Again long break in writing. Well... sometimes I just don't feel like there's anything very interesting happening and on the other hand when something is, it's hard to put it into words and describe. Anyway, I did some minor trips since the last one to the Balkans. And again I've proved (or it has been proved) that I really am destined to travel alone.
For me, that 6 days were another attempt to fight my depression. Lack of motivation from other person caused thinking of leaving it all, ending the trip and going back home. That's what recently been going on with my, apparently after visiting ruined Maidan in Kiev, which made me quite depressed, nihilistic and melancholic. Then I realized having travel mate wasn't such a bad idea and it would be nice to meet up again, which we eventually did and continued the journey until reaching Poland.
While alone, I spent almost 3 days talking only Russian (both with the drivers-of course I hitch hiked around if you are still wondering- and CS hosts), visiting some patriotic events, inhaling socialistic air of Belarus (not that I don't like it, I was actually pretty amazed how many Lenin statues and socialism-related street names still exist in Belarus) and eating tons of sour creme.
In general, probably whatever you think of Belarus is far from the reality.
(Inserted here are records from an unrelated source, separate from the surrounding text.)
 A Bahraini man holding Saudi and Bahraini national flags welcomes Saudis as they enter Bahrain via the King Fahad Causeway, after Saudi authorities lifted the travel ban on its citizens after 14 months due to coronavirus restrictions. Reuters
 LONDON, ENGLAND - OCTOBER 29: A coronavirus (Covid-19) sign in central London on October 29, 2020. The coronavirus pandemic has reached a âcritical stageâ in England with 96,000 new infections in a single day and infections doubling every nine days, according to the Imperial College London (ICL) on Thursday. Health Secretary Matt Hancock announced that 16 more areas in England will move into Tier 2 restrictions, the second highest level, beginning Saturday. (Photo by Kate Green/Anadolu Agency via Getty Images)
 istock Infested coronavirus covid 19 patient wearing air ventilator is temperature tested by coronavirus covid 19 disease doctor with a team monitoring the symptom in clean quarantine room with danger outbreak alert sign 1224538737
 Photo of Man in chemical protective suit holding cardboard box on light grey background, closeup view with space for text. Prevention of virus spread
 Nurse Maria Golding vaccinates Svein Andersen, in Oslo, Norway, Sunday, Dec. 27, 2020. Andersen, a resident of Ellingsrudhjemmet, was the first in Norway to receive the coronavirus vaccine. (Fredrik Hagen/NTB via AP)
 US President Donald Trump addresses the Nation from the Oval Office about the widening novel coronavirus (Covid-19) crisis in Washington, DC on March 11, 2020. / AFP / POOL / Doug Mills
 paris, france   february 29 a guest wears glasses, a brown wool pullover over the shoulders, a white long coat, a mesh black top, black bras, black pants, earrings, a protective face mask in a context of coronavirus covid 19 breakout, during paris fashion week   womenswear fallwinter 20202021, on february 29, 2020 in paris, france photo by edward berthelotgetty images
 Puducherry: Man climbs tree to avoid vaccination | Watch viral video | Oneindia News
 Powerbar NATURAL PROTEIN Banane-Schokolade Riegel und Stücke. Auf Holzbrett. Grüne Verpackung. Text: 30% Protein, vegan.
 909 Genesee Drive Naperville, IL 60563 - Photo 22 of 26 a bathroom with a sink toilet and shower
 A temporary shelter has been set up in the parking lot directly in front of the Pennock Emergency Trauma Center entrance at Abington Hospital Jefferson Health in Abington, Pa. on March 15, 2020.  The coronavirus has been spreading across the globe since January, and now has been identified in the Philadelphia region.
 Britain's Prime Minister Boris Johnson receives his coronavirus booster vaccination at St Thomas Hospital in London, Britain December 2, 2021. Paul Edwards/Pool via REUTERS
It is safe and clean country. Almost no mafia, corruption, thieves etc. Nice roads, far way better than Polish ones. Poor, but kept under good conditions village houses and fences. And great people, who are happy that someone wants to visit their country and are always willing to pick the hitch hiker up even from the most remote areas.
We managed to get to some places related with Polish history and literature, which was my goal on this trip. Switez lake, Bohatyrevici village ("Nad Niemnem"), Orzeszkowa's house, Mickiewicz's house (one of my 3 favourite Polish writers). Of course Belorussians claim these people as their natives, and Polish do the same, but the truth is, that they usually wrote poems or fiction in Polish language. That was probably the most interesting and metaphysical part of the journey (the highlight was meeting an old woman carrying the same last name as the characters from "Nad Niemnem", which in fact I thought was a fictional story, but it turned out it was not).
We also had a bit of a local culture tested personally, when I got invited (at 8 in the morning but postponed to 7 pm) for a beer by two locals. I took my travel mate with me, and we ended up drinking beers in public, got stopped by militia, going to one of the guy's house while the other was taken to the militia station, drinking till 3 am and eating pork fat with raspberry jam. Life's great!